Invitations and proposals are better candidates, since they both involve a contribution from the speaker and hearer in the carrying out of the activity in question. However, one thing is to invite you to my birthday party; quite another thing is to propose that we throw a party together. Although an invitation, once accepted, calls for action on both sides (the inviter will have to throw the party and the invitee will have to show up), the details of the event are appanage of the inviter[5]. By contrast, a proposal, once agreed to, opens up a negotiation as to how to proceed – we will decide together the theme and size of the party, the location, etc. A genuine proposal is an attempt to get another person to take part in some joint, fully collaborative activity. Conceiving of sex as something initiated by a proposal means, I claim, conceiving of it as an agent-agent symmetrical activity. It means construing sex as something that one does with the other person and over which each partner has an equal say. Interestingly, one does not, strictly speaking, consent to a proposal or refuse it – one agrees to a proposal or rejects it. Consent and refusal turn out not to be the right speech categories when it comes to responding to sexual advances. And the issue, as a speech act analysis shows, is not merely terminological.
The view I am sketching is a ‘regulative ideal’, for it leaves aside all the many cases in which sex is less than fully collaborative, as it were. Sex may sometimes be offered to please the other person or even requested as the granting of a favor. While this is far from ideal, it can (and does) happen, and it isn’t per se unethical, provided that everyone involved has communicated their wish to engage in the sexual activity in question. My point, to state it out loud, is that, in philosophizing over sex and the language we use to engage in sexual activities, we should be aware of the ideological implications that an emphasis on sexual consent/refusal might have.
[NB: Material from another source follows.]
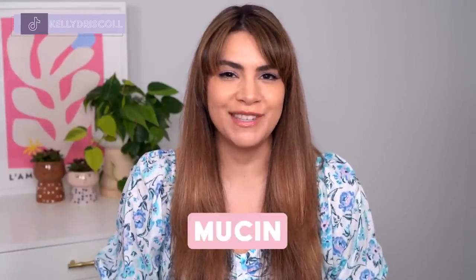Hey, it's Kelly. Welcome back to my channel where we talk all about gentle skincare, sometimes self-care, and today we're talking mucin.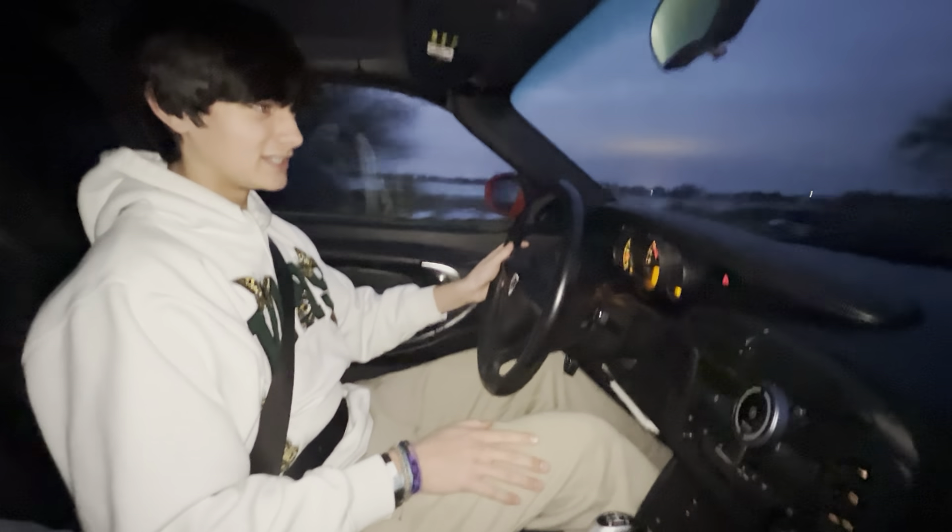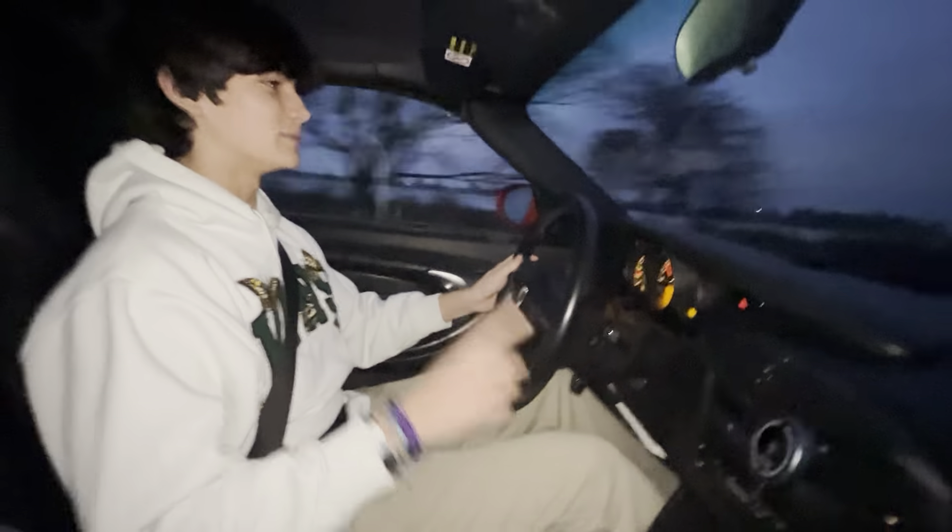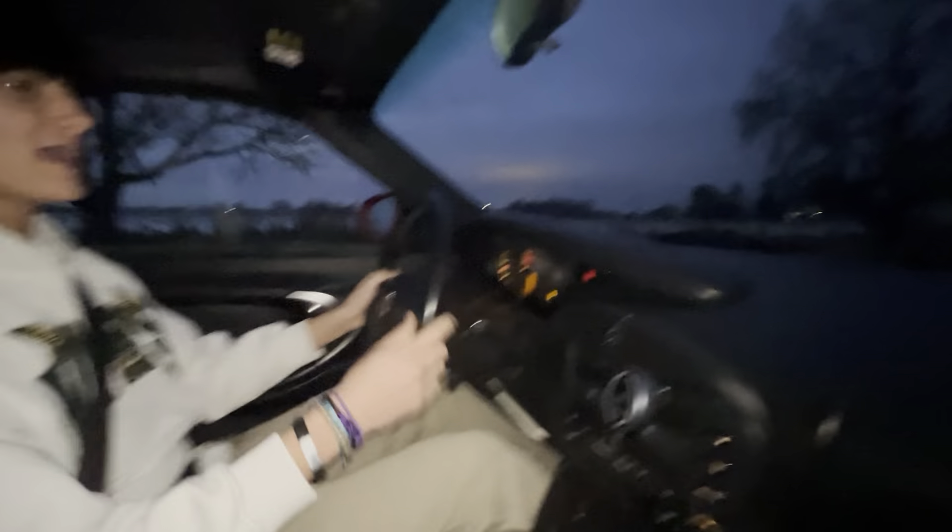Is that traction control? Stability control? That's it — wheelie control! Yeah, because we need that. And it comes with drag slicks, so you can really get those 700 raging horsepower going.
A proposal model of sexual advances, which does without consent and centralizes agreement and negotiation, avoids the risk of reinforcing a sexist stereotype of female sexual passivity and fares better than alternatives in picturing sex as a joint activity.
[1] See, e.g., Langton, Rae (1993), “Speech Acts and Unspeakable Acts”, Philosophy & Public Affairs; Cowart, Monica (2004), “Understanding Acts of Consent: Using Speech Act Theory to Help Resolve Moral Dilemmas and Legal Disputes”, Law & Philosophy, 23(5): 494-525; McGowan, Mary Kate (2009), “On Silencing and Sexual Refusals”, The Journal of Political Philosophy, 17(4): 487-494; and Dougherty, Tom (2015), “Yes Means Yes: Consent as Communication”, Philosophy & Public Affairs, 43(3): 224-253.
[2] Speech acts can be performed non-verbally, as when one nods assent in lieu of saying “Yes”. That people frequently approach for sex non-verbally does not rule out a speech act reading of sexual advances.
[3] See, among many others, Cowart (2004), McGowan (2009), and Dougherty (2015).
[4] See, esp., Anderson, Michelle (2005), “Negotiating Sex”, Southern California Law Review, 41: 101-140; and Gardner, John (2018), “The Opposite of Rape”, Oxford Journal of Legal Studies, 38(1): 48-70.
[5] For a different interpretation of invitations, see Kukla, Rebecca (2018), “That’s What She Said: The Language of Sexual Negotiation”, Ethics, 129: 1-28.